Scans of ships destroyed in the Battle of Jutland 99 years ago have been made for the first time using 21st Century technology, Royal Navy informed.
The colourful three-dimensional images made by Royal Navy survey ship HMS Echo show the twisted and battered wreck of HMS Invincible, one of 25 warships – 14 of them British – that were blown up on May 31, 1916.
The survey ship HMS Echo spent a week scouring the floor of the North Sea with her sonar suite.
Nick Hewitt, a historian with the National Museum of the Royal Navy who was on board HMS Echo for the work at Jutland, said the week surveying the battlefield of 1916 had helped to “build a picture of one of the greatest naval battles in history”.
“The condition of the wrecks varies enormously. Some have suffered badly from post-war attempts to salvage them, but others are astonishingly intact.

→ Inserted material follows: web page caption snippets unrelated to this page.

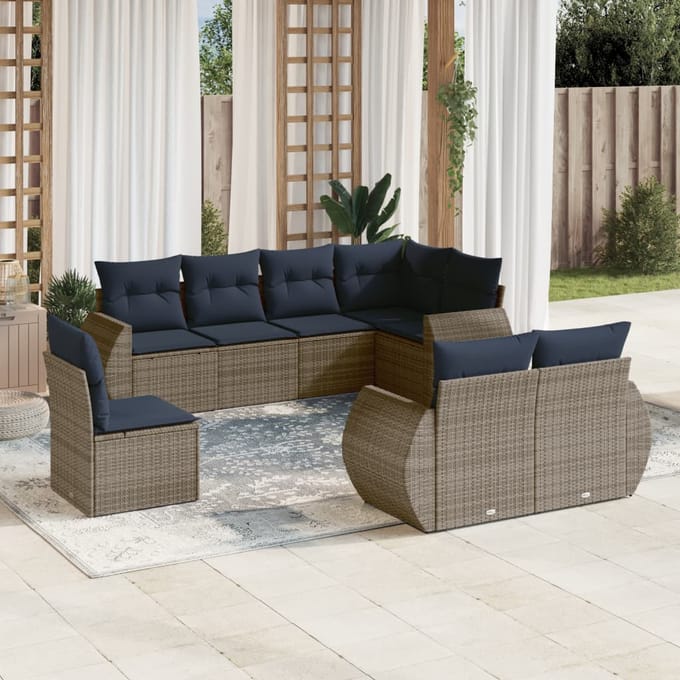 vidaXL - 8-delige - tuinbankset - met - kussens, - grijs - polyrotan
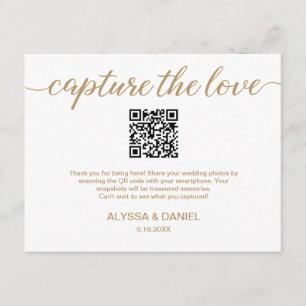 Carte D'accompagnement Partage de photos mariage de code QR blanc or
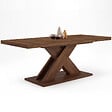 ID MARKET - Table à manger extensible rectangle ALICIA 6-10 personnes noyer 160-200 cm - vignette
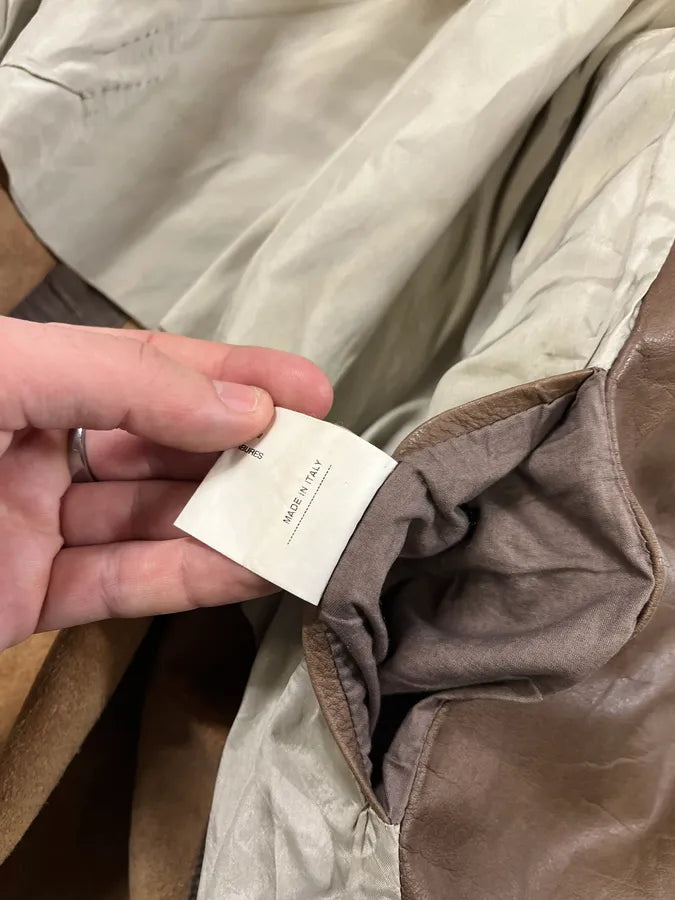 2000s Rick Owens Biker Brown Leather Jacket ENlZKtl 10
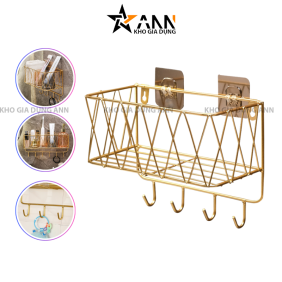 Kệ Sắt Treo Tường Đa Năng Để Đồ, Trang Trí Nhà Cửa Có Móc Cao Cấp - KSTT01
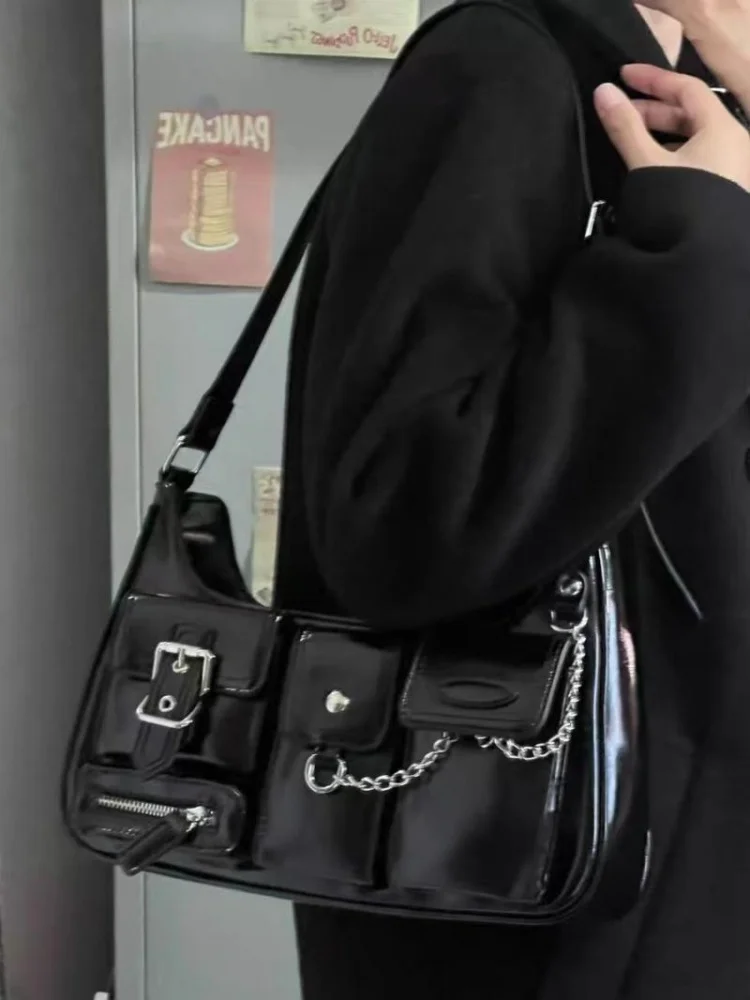 Motor Cool Girl Pocket Chain Designer Y2k Aesthetic Shoulder Handbags Fashion Tote Underarm Bag All Match Bags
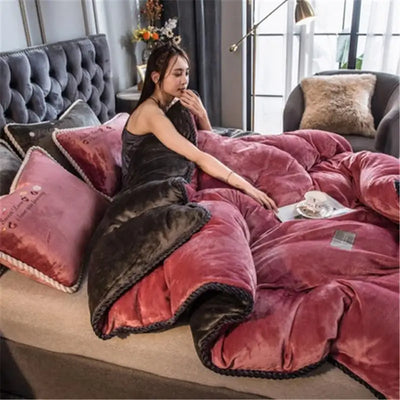 Luxury Magic Velvet Duvet Cover Winter Warm One Piece Flannel Thicken Bed Quilt Cover Plush Bedding Cover(no pillowcase sheet)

“HMS Defence in particular was ‘reduced to atoms’ according to one contemporary account, but the wreck was complete, upright and immediately recognisable by the distinctive profile of her secondary armament, still trained outboard towards her foes a century after the battle.”
During the Battle of Jutland 250 warships from the two navies clashed from the afternoon of May 31 1916 until the small hours of the following morning. When it was over, 25 ships were at the bottom of the North Sea and more than 8,500 men were dead, three quarters of them Britons, Royal Navy said.
More than 1,000 of those Royal Navy dead were killed when battle-cruiser Invincible was torn apart when a German shell plunged through the roof of Q turret. The resulting fire detonated her magazines.
A dozen miles from the wreck of the Invincible HMS Echo also surveyed the remains of cruiser HMS Defence – her bow separate from her hull, and the wreck of HMS Queen Mary which suffered the same fate as Invincible.
Echo visited the 21 of the 25 sites where Jutland wrecks are believed to be – based on previous expeditions, eyewitness accounts and contemporary charts – and found nine hulls positively identified as vessels lost in the battle. They also located the wreck of an oil rig support boat which sank following a fire in the 1980s.
“The week has been a poignant reminder of the sacrifices the Royal Navy made in protecting our nation during World War 1,” said Echo’s Commanding Officer Cdr Phillip Newell.
“The loss of nearly 10,000 sailors over two days seems unbelievable today, and I’m very humbled to have surveyed the wrecks of both British and German warships where so many men lost their lives.”
All the data will be provided to the UK Hydrographic Office in Taunton to allow them to update maritime charts used by most of the world’s seafarers, while the week of surveying was also recorded by a film crew from True North Productions for a documentary to coincide with next year’s centenary, Royal Navy added.